Early on Monday morning, The Southern Student Action Coalition filed a complaint with the N.C. Attorney General’s office against the UNC System.

The SSAC is a student-run intersectional action group that brings together numerous student organizations across the South. The complaint stated that the System denied students access to a public meeting, lacked transparent deliberation and did not provide means for accessible public attendance.

At a meeting of the UNC System Board of Governors Committee on University Governance last Wednesday, BOG members unanimously passed a motion to vote on the repeal and replacement of the System’s diversity and inclusion policies, regulation 300.8.5.

The motion, which could potentially eliminate up to 35 diversity and inclusion positions across 17 institutions, took under 80 seconds to pass.

“It is pretty absurd that you know, a public institution with leaders that are from our public institution are conducting their business in private and refusing to let students engage with them and see what actions that they're taking,” Alexander Denza, SSAC organizer and UNC senior, said.

The complaint alleges that the public was "unlawfully denied" from the meeting decision. It also alleges that the denial of student access to the meeting and the unsubstantiated seating restriction violated the North Carolina Open Meetings Law, as well as the System’s Expectations of Conduct During Meetings of the BOG. 

North Carolina General Statute 143-318.9 states that public bodies who create policies solely exist to conduct the people’s business, and thus, their deliberations and actions should be conducted openly. The System’s expectation of conduct asserts that the board "makes every effort" to accommodate public attendance.

'Total exclusion'

UNC first-year Catherine Scott said she found out about the proposed policy around 1 p.m. on Wednesday. An hour later, she decided to travel to UNC School for the Arts’ campus to attend the BOG meeting, which was scheduled to begin at 3:45 p.m.

“I just think the presence of students at BOG, BOT meetings — making sure that there is physical, visible signs of resistance to their harmful policies — is really important at this moment in time,” Scott said.

Scott joined a group of 10 students who attempted to attend Wednesday’s meeting. Among the students were Denza and Samuel Scarborough, SSAC organizer and UNC first-year student.

Denza said the group had no intent to protest.

In a video obtained by The Daily Tar Heel, Director of University Public Safety Operations & Clery Act Training Edward Purchase can be seen standing in front of the entrance to the public meeting space, along with at least five visible police officers.

Purchase, who did not respond to The DTH’s request for comment by the time of publication, can be heard telling the students that the three seats available to the public were all full, along with the gallery for chancellors and their invited guests. 

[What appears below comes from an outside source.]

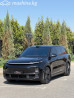 LiXiang L9 Рестайлинг 1.5, 2025 Bishkek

“To me, it's alarming because it was an open meeting that impacts 17 institutions and there were three seats for the public," Scott said. "That's not even a one to one — not even close to a one-to-one ratio of institutions."

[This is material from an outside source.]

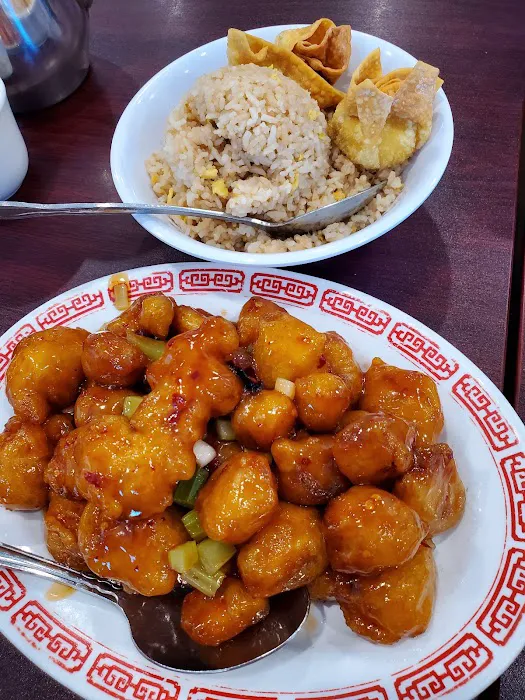 Golden Bowl | Chinese Restaurant 9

The complaint also states the students were not allowed to set foot within the building.

One student, who is a wheelchair user, was barred from entry despite not needing a physical seat and not even allowed to use the bathroom, Scarborough said, until UNCSA students let them in.

Scarborough said issues with parking availability, timing of the meeting materials being published and being denied entry into the building all contributed to the inaccessibility of the meeting. He also said the "heavy police presence" made the meeting feel unwelcoming to the public.

“It doesn't create an atmosphere that feels safe for students to go, for concerned parents to go to or for concerned professors to go to,” he said.

According to a statement from the UNC System Director of Media Relations Andy Wallace, seats at BOG meetings are reserved for the media, as well as chancellors, campus staff, UNC System staff, PBS North Carolina technical staff and the board itself.

No UNC System policy mandates the amount of seating that has to be accessible to the public.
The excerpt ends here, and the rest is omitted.